### What to produce
Word for word, quote the lines from the one containing "Mystery Men Comics" to the end of the entries below, including both. Leave pictures out.

BEGIN

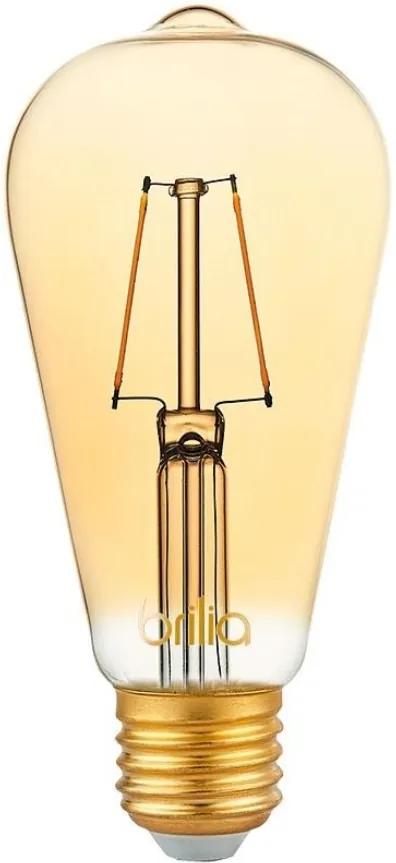 Lampada Led Bulbo St64 Filamento 2,5w 2000k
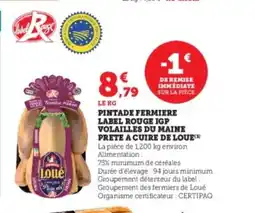U Express Pintade fermiere label rouge igp volailles du maine prete a cuire de loue offre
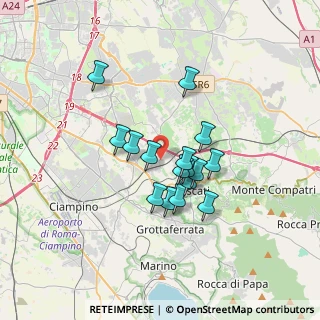 Mappa Via Lorenzo Sebastiani, 00044 Frascati RM, Italia (2.77)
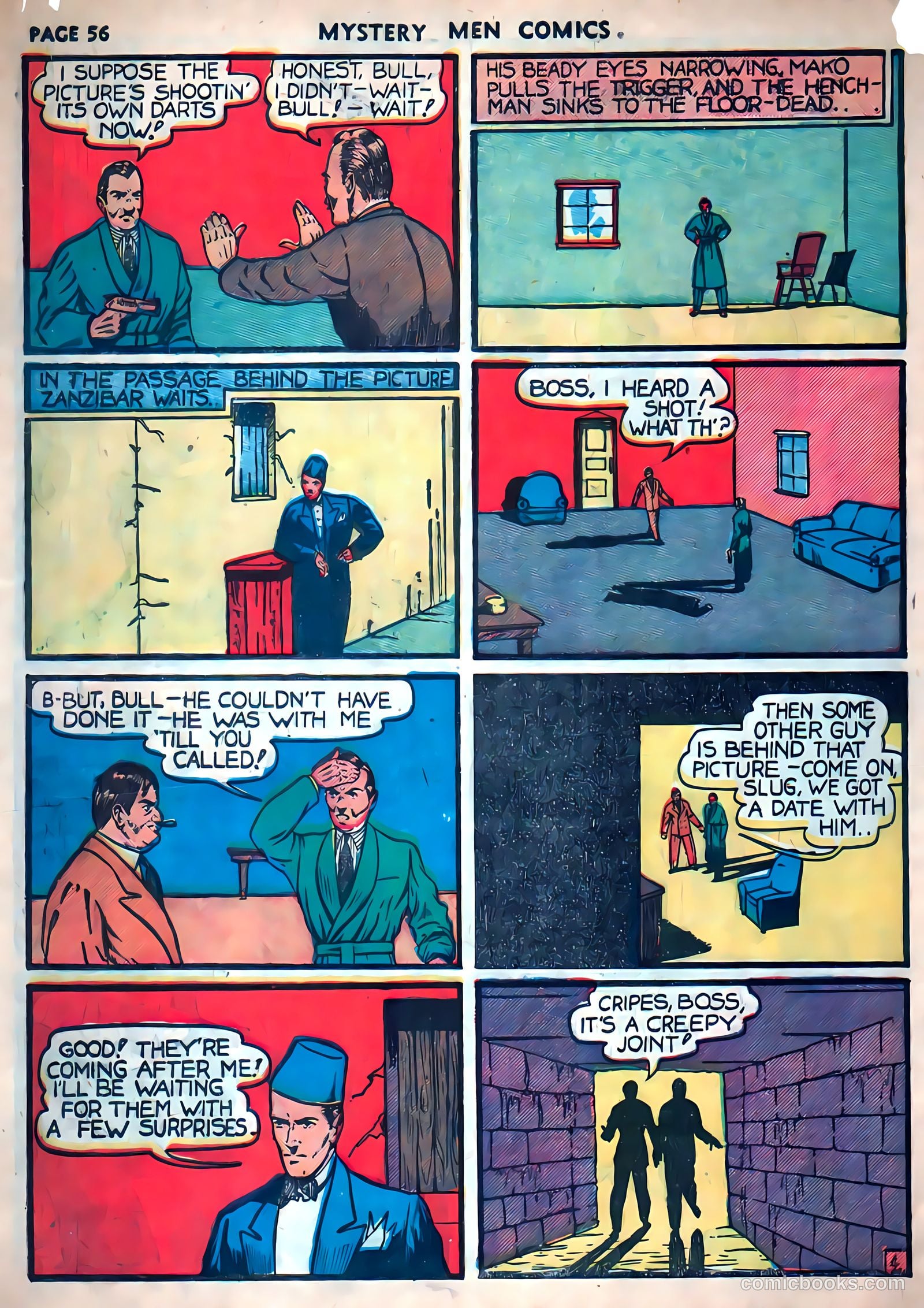 Mystery Men Comics #11 (1940) — page 58 of 68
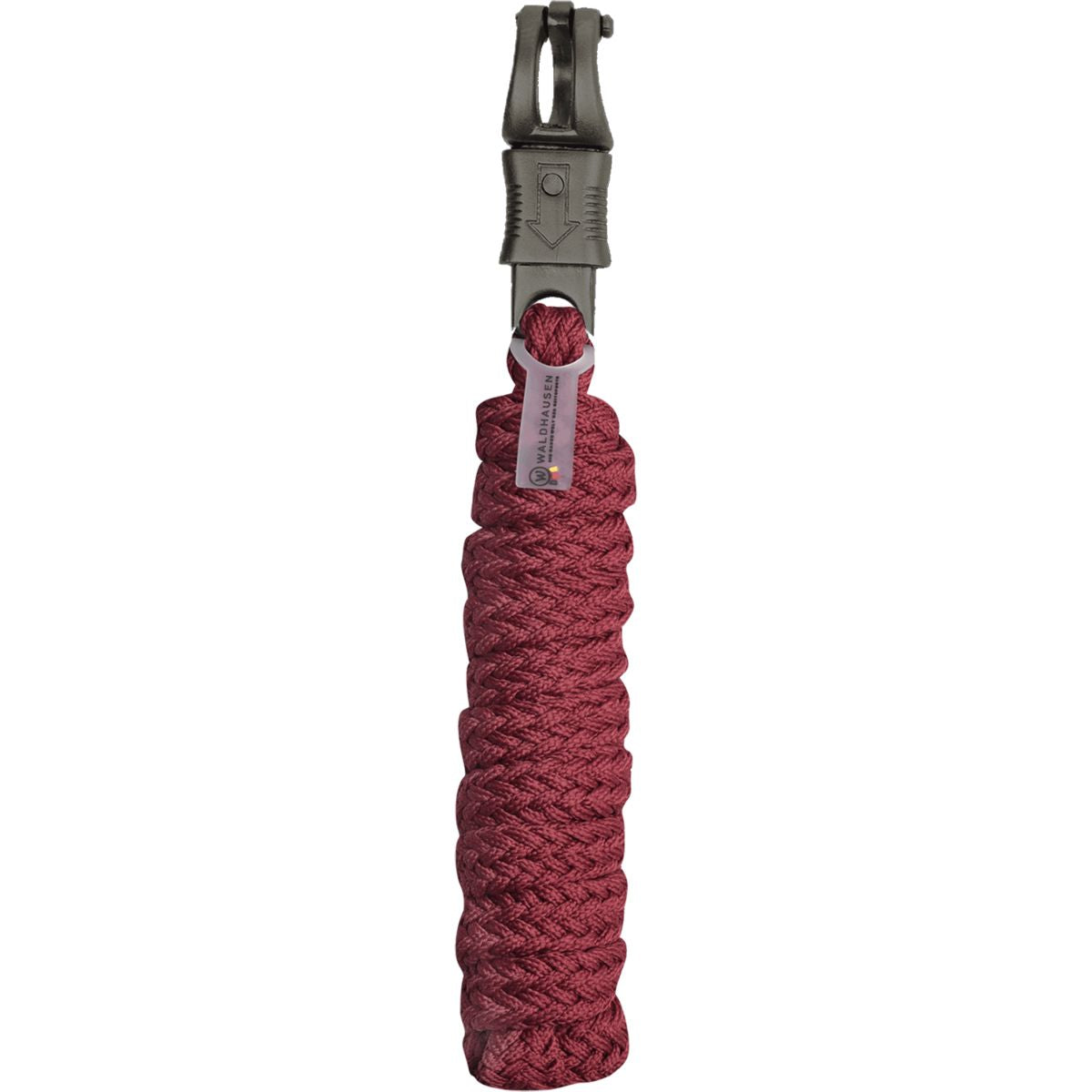 Waldhausen Cuerda de Cabestro Gloomy con Mosquetón de Pánico Burdeos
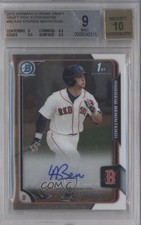 2015 Bowman Draft Chrome Pick Andrew Benintendi #BCA-AB BGS 9 MINT Auto 5qi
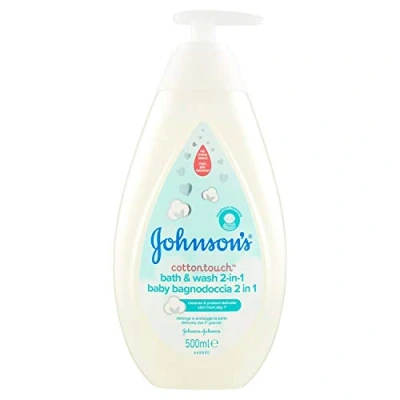 Abbildung von JOHNSON&#039;S Baby, 2 in 1 Duschbad, Cottontouch, für Kinder und Babys, mit echter Baumwolle, ohne Farbstoffe, Alkohol Seife, keine Tränen mehr, 500 ml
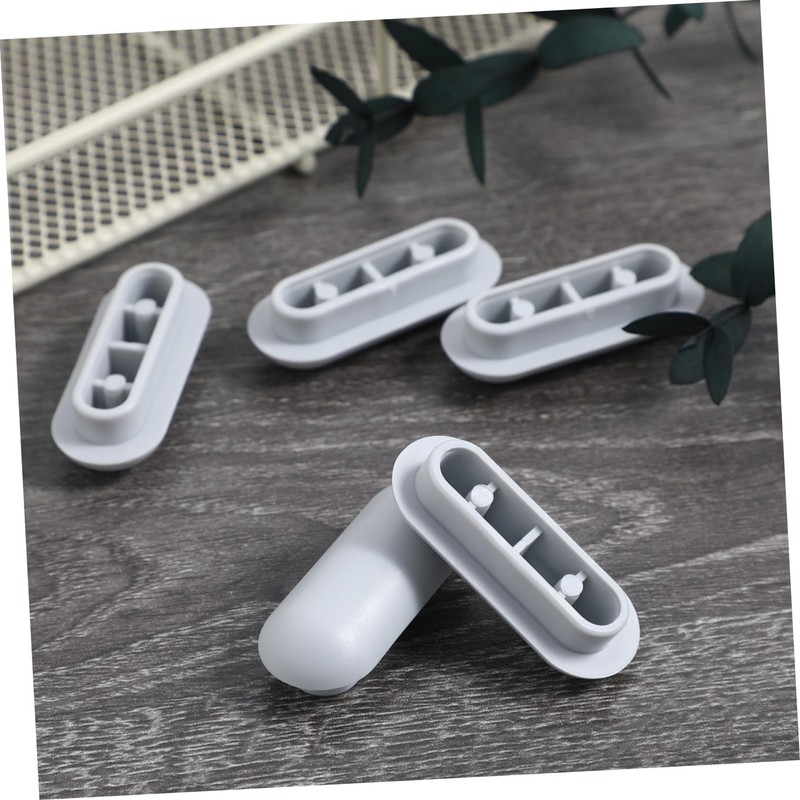 TEHAUX 10pcs Toilet Seat Gasket Bumper Pad for Raised Toilet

END

### Exercise answer
 Mystery Men Comics #11 (1940) — page 58 of 68
 Waldhausen Cuerda de Cabestro Gloomy con Mosquetón de Pánico Burdeos
 2015 Bowman Draft Chrome Pick Andrew Benintendi #BCA-AB BGS 9 MINT Auto 5qi
 Abbildung von JOHNSON&#039;S Baby, 2 in 1 Duschbad, Cottontouch, für Kinder und Babys, mit echter Baumwolle, ohne Farbstoffe, Alkohol Seife, keine Tränen mehr, 500 ml
 TEHAUX 10pcs Toilet Seat Gasket Bumper Pad for Raised Toilet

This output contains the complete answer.